Liu Z, Zhou W, Lv J, He P, Liang G, Jin H - PLoS ONE (2015)

Bottom Line: Most measured soil properties showed significant differences (P ≤ 0.05) among HPPS, MPPS and LPPS.Low levels of TN, AP and soil microbial activities were considered to be the major constraints limiting the productivity in LPPS.Managers in our study area should employ more appropriate management in the LPPS to improve its rice productivity, and particularly to any potential limiting factor.

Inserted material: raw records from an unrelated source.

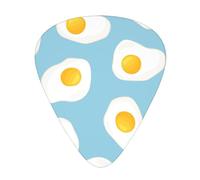 Fried Eggs Seamless Pattern,12 Pcs Guitar Pick,3 Different Thickness Plectrums for Acoustic Guitar Bass Ukulele (0.46mm 0.96mm 0.71mm)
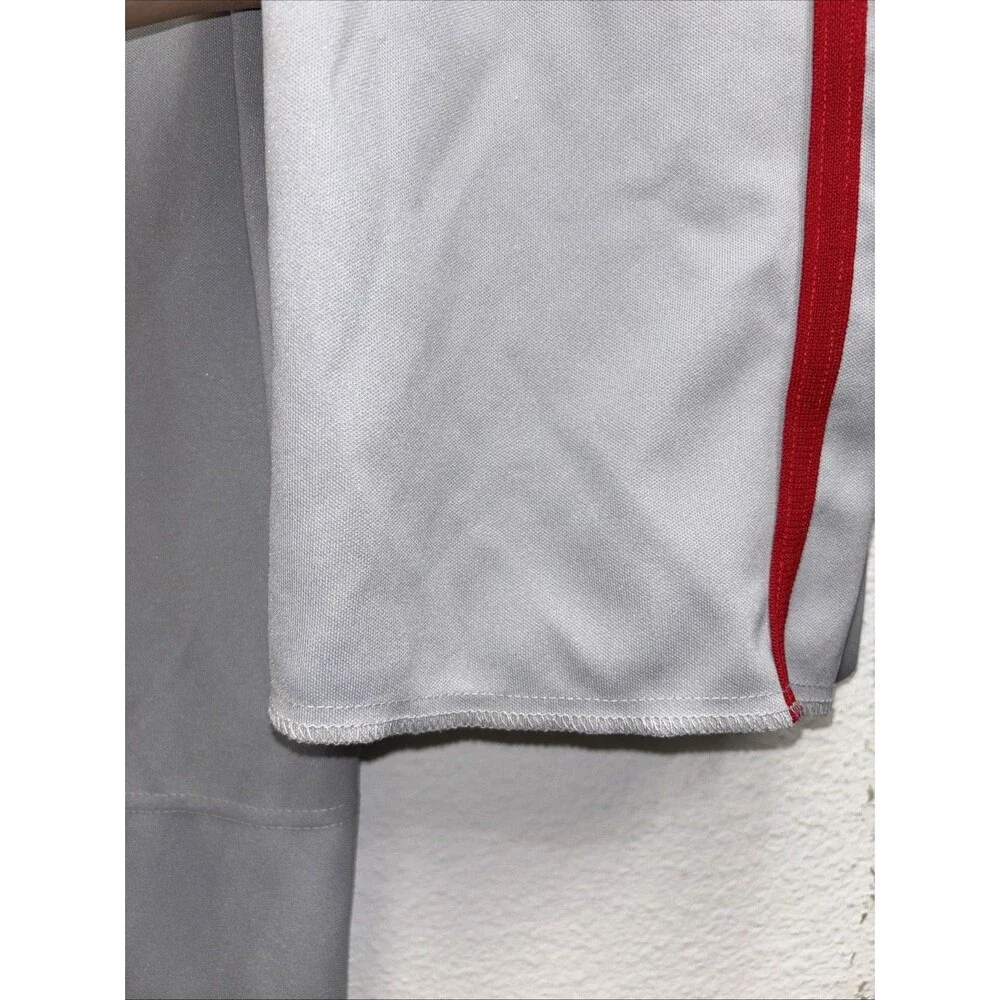 Baseball Pants Gray Red Piping Zip Snap Youth L Stretch Pockets 31X33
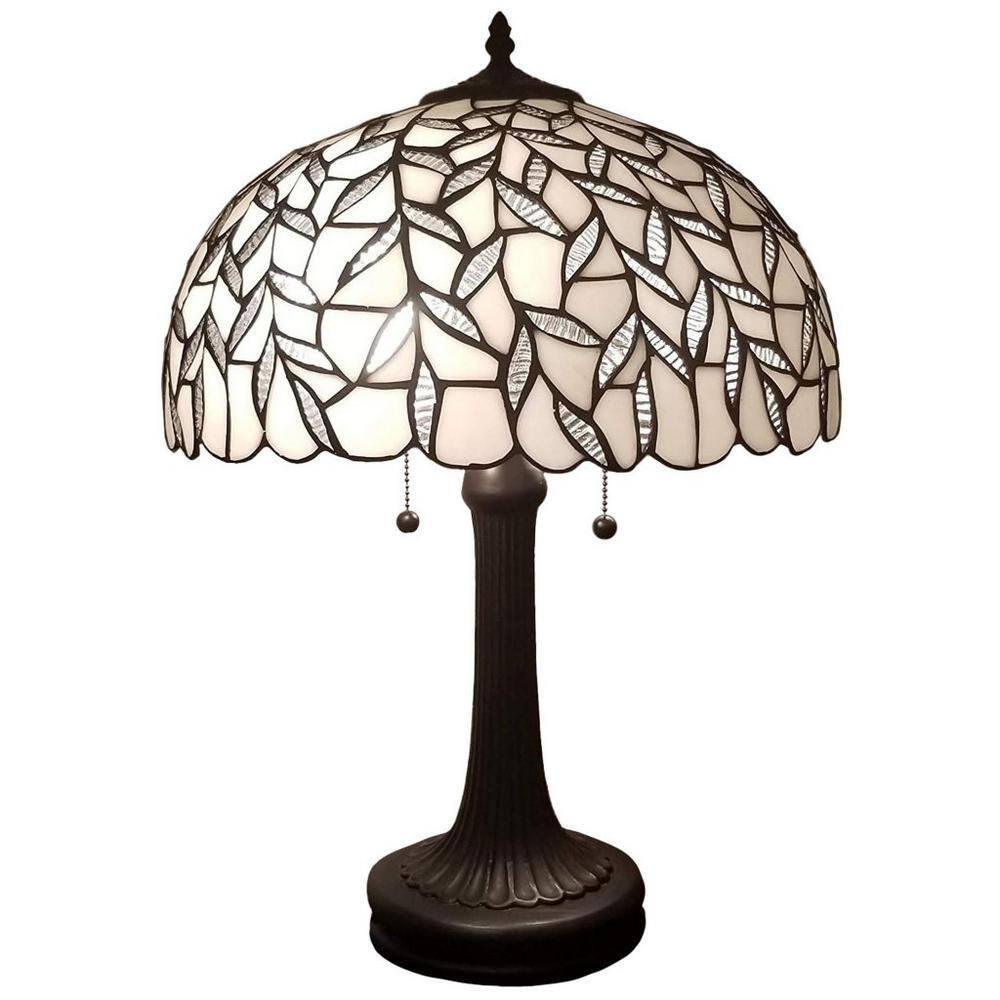 Amora Lighting Tiffany Style Peacock Design Table Lamp 24" Tall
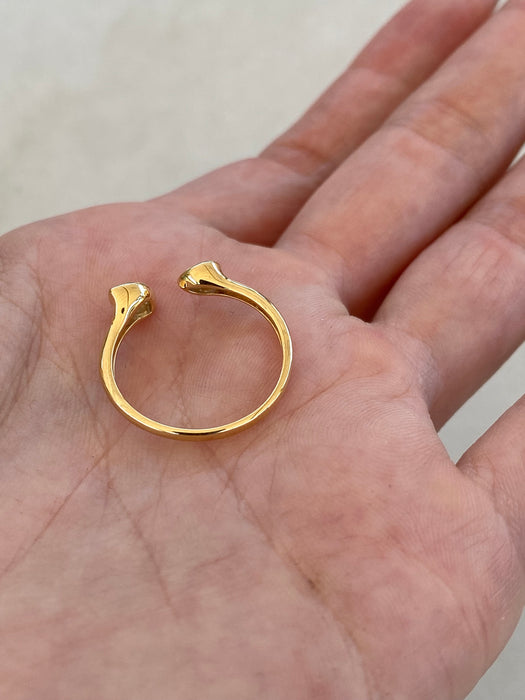 18K Gold Natural Diamond Marquise & Pear Open Ring
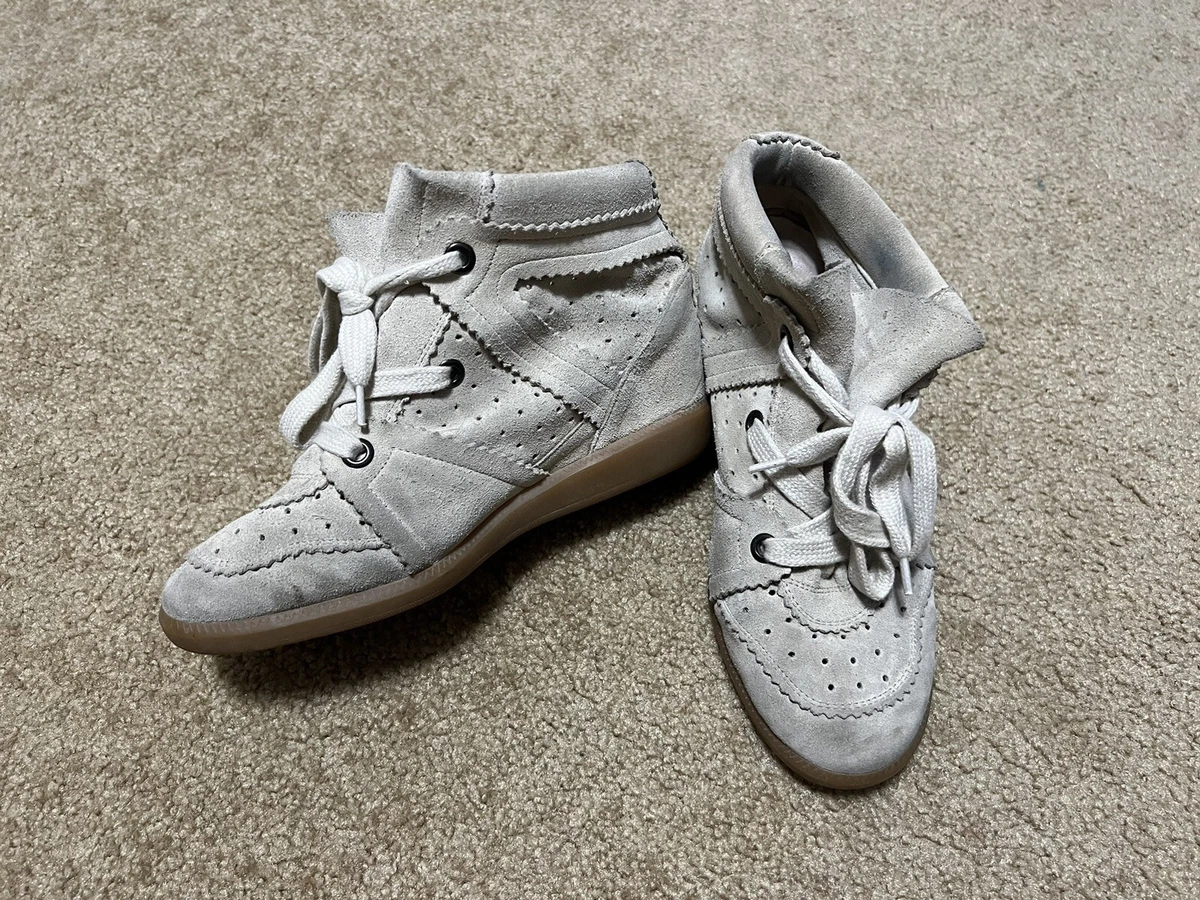 Marant Wedge Sneakers Suede Leather beige women&#039;s sz 39 | eBay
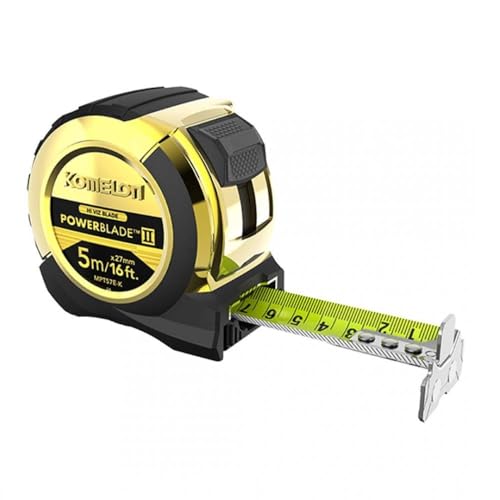 Komelon MPT57EG PowerBlade II 5m/16ft dual-printed hi-vis blade nylon coated for durability magnetic end hook ergonomic ABS case with rubber grip. EC Class II accuracy.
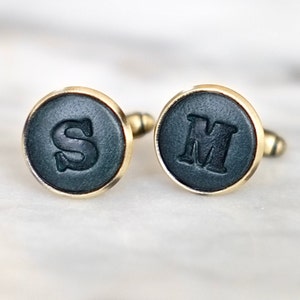 Pair of Personalised Leather Letter Cufflinks image 3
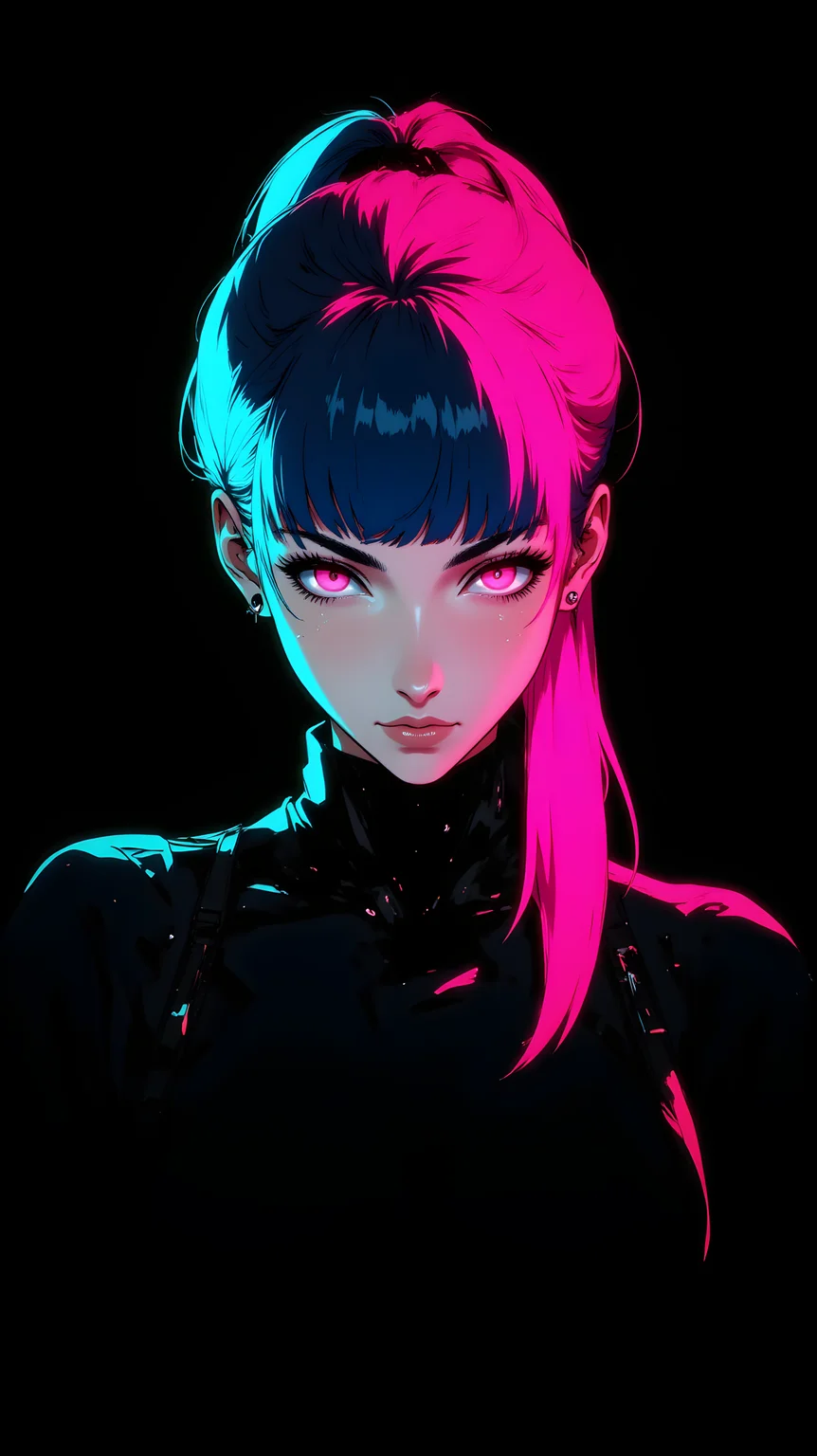 A striking and futuristic portrait featuring a person with vibrant, neon-colored hair. The individual has long hair styled in a high ponytail, with the top portion dyed in bright blue and the lower strands in vivid pink. Their eyes are glowing with a radiant pink hue, adding an otherworldly and cyberpunk aesthetic to the composition. The background is completely black, which makes the bold colors of the hair and eyes stand out dramatically.
The person is wearing a dark outfit that appears sleek and modern, possibly a jacket or hoodie, with subtle details like straps and buckles visible on the shoulders. The lighting is focused on the face and upper body, highlighting the sharp contrast between the bright hair and the dark clothing. The overall mood of the image is intense and edgy, evoking a sense of mystery and futurism. The use of neon colors and glowing elements gives the portrait a highly stylized, digital art feel.
j_art, anime, anime art, <lora:FLUX\jul\J_Anime:0.7>, <lora:FLUX\RealAnime:0.7>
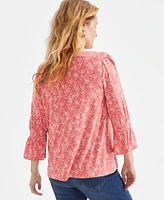 Style & Co Women's Printed 3/4-Sleeve Ruffle Sleeve Top, Exclusively at Macy's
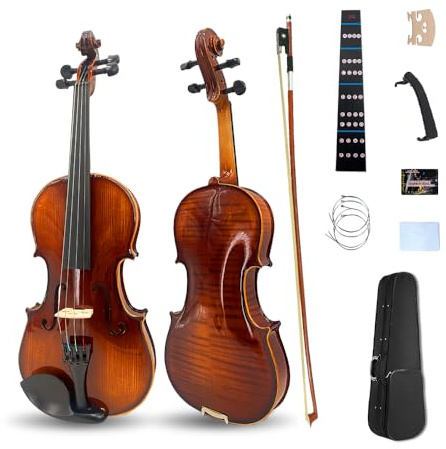Vetimobato Handmade 3/4 Violin Set - Solid Spruce Top Flame Maple Back & Sides Ebony Fittings Complete Kit with Case Bow Shoulder Rest Strings for Beginners to Intermediate Players (3/4)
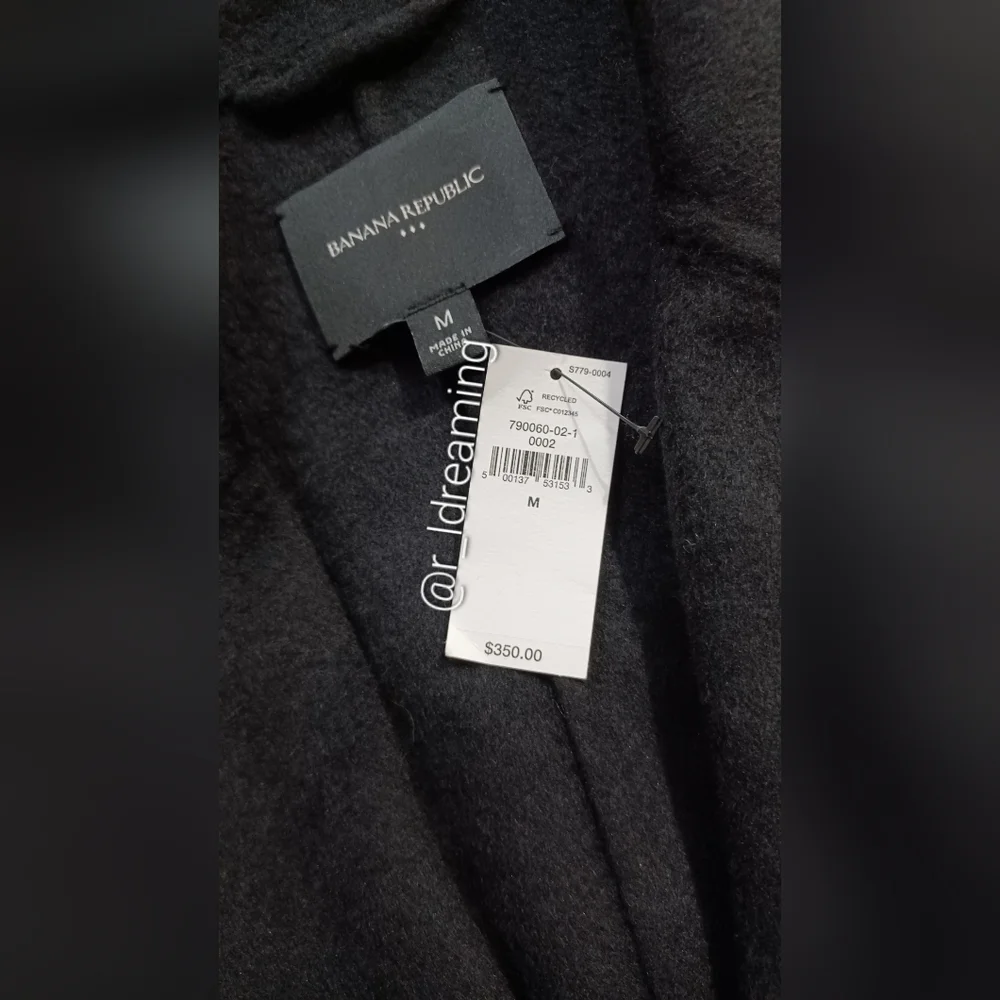 NWT Black Double Face Tie-Waist Coat Size M By Banana Republic Factory - Picture 7 of 7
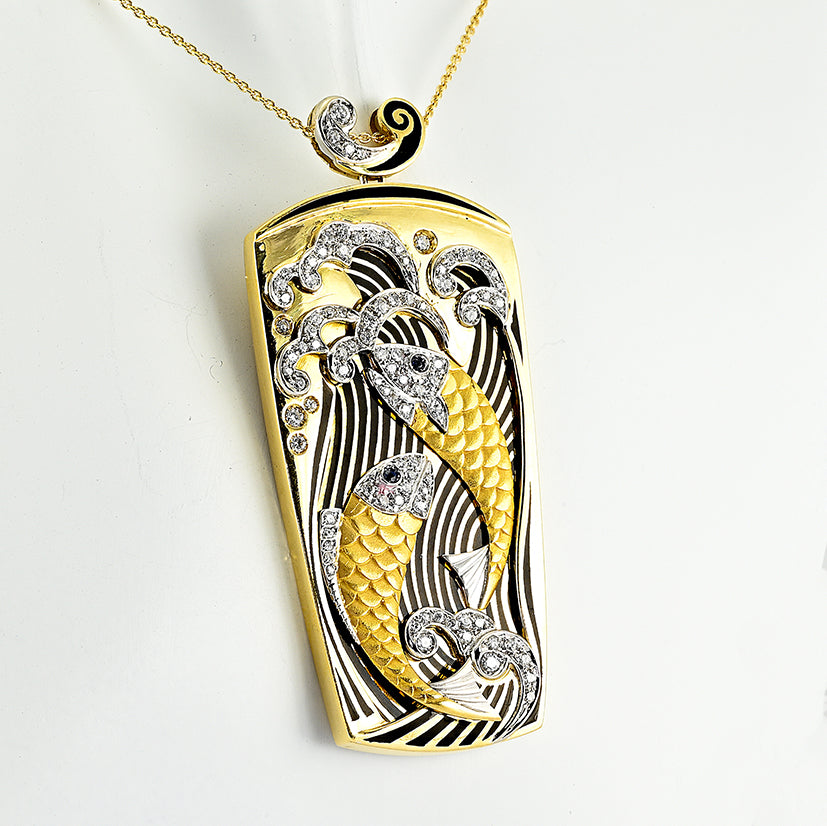 Vintage Estate 1970s Enamel and 2ct Diamond Koi Carp Fish Gold Pendant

View Article: PubMed Central - PubMed

Affiliation: Ministry of Agriculture Key Laboratory of Crop Nutrition and Fertilization, Institute of Agricultural Resources and Regional Planning, Chinese Academy of Agricultural Sciences, Beijing 100081, China; College of Resource and Environmental Science, Northwestern University of A & F, Yangling 712100, China.

ABSTRACT
Evaluation of soil quality can be crucial for designing efficient farming systems and ensuring sustainable agriculture. The present study aimed at evaluating the quality of waterlogged purple paddy soils with different productivities in Sichuan Basin. The approach involved comprehensive analyses of soil physical and chemical properties, as well as enzyme activities and microbial community structure measured by phospholipid fatty acid analysis (PLFA). A total of 36 soil samples were collected from four typical locations, with 12 samples representing high productivity purple paddy soil (HPPS), medium productivity purple paddy soil (MPPS) and low productivity purple paddy soil (LPPS), respectively. Most measured soil properties showed significant differences (P ≤ 0.05) among HPPS, MPPS and LPPS. Pearson correlation analysis and principal component analysis were used to identify appropriate soil quality indicators. A minimum data set (MDS) including total nitrogen (TN), available phosphorus (AP), acid phosphatase (ACP), total bacteria (TB) and arbuscular mycorrhizal fungi was established and accounted for 82.1% of the quality variation among soils. A soil quality index (SQI) was developed based on the MDS method, whilst HPPS, MPPS and LPPS received mean SQI scores of 0.725, 0.536 and 0.425, respectively, with a ranking of HPPS > MPPS > LPPS. HPPS showed relatively good soil quality characterized by optimal nutrient availability, enzymatic and microbial activities, but the opposite was true of LPPS. Low levels of TN, AP and soil microbial activities were considered to be the major constraints limiting the productivity in LPPS. All soil samples collected were rich in available N, K, Si and Zn, but deficient in available P, which may be the major constraint for the studied regions. Managers in our study area should employ more appropriate management in the LPPS to improve its rice productivity, and particularly to any potential limiting factor.

No MeSH data available.


Plot of the first two principal components (PC1 and PC2) grouped in HPPS, MPPS and LPPS (a) and plot of the PC1 and PC2 for 35 PLFAs (b).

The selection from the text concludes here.